Single by Trackshittaz
- Language: Mühlviertlerisch
- Released: 5 December 2011
- Genre: Hip hop
- Length: 2:58
- Label: Sony Music Entertainment Austria
- Songwriters: Lukas Plöchl; Manuel Hoffelner;
- Producer: Sam Vahdat

Trackshittaz singles chronology
| "Oida Chüüü" (2011) | "Woki mit deim Popo" (2011) | "Geila Ois ..." (2012) |

Music video
- "Woki mit deim Popo" on YouTube

Eurovision Song Contest 2012 entry
- Country: Austria
- Artist: Trackshittaz

Finals performance
- Semi-final result: 18th
- Semi-final points: 8

Entry chronology
- ◄ "The Secret Is Love" (2011)
- "Shine" (2013) ►

Official performance video
- "Woki mit deim Popo" on YouTube

= Woki mit deim Popo =

2011 song by Trackshittaz

"Woki mit deim Popo" (/de-AT/; colloquial Austrian German for "wiggle your butt") is a 2012 single by Austrian rap duo Trackshittaz. The song represented Austria at the Eurovision Song Contest 2012, after winning Österreich rockt den Song Contest, Austria's national final. The song would then proceed to fail to qualify, only scoring 8 points, securing a last-place finish in 18th.

== Background ==
According to one of the band's rappers, Manuel Hoffelner, the song was created during the ongoing European debt crisis as a way for people to keep good spirits during the crisis.

== Release ==
The song was released on 5 December 2011, with the music video being released on Trackshittaz's official YouTube channel.
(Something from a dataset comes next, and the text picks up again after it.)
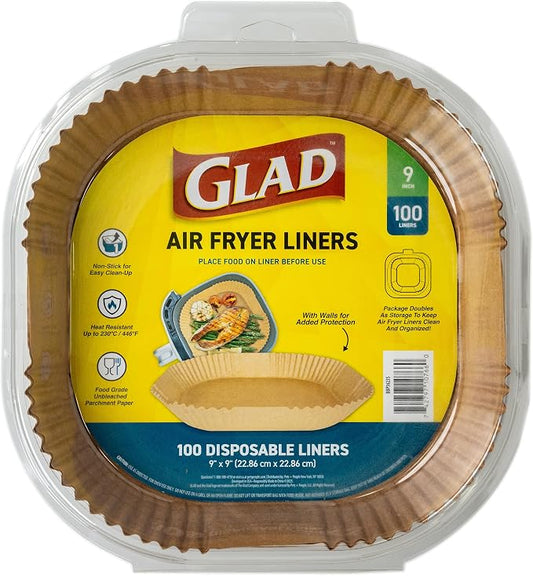 Glad Air Fryer Liners with Raised Walls, Nonstick Parchment, Heat Resistant to 446 Degrees F, Food-Grade, Rounded Square Shape, Fits Square and Round Air Fryers, 9", 100 Count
== Eurovision Song Contest ==

=== Österreich rockt den Song Contest ===
Österreich rockt den Song Contest (Austria rocks the Song Contest) was the national final that selected Austria's entry for the Eurovision Song Contest 2012. The competition took place on 24 February 2012 at the ORF Center in Vienna. The show was broadcast on ORF eins as well as streamed online via ORF's official website and the official Eurovision Song Contest website eurovision.tv.
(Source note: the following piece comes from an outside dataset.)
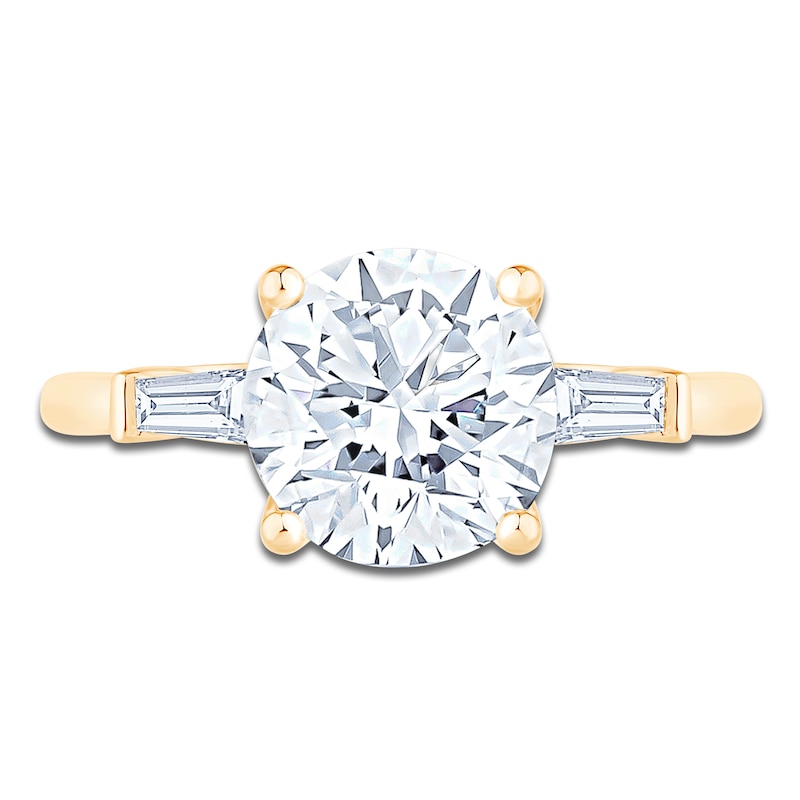 Main Image 3 of Round-Cut Lab-Grown Diamond Engagement Ring 3-1/3 ct tw 14K Yellow Gold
Nine of the ten artists were nominated by the radio channel Ö3, while a tenth act was chosen through a wildcard selection. The nine nominated artists were revealed on 1 December 2011 during the radio show Ö3-Wecker, aired on Ö3, while "How Can You Ask Me?" performed by Mary Broadcast Band was revealed on 9 January 2012 as the winner of the wildcard selection. Trackshittaz was announced as one of the nine artists nominated.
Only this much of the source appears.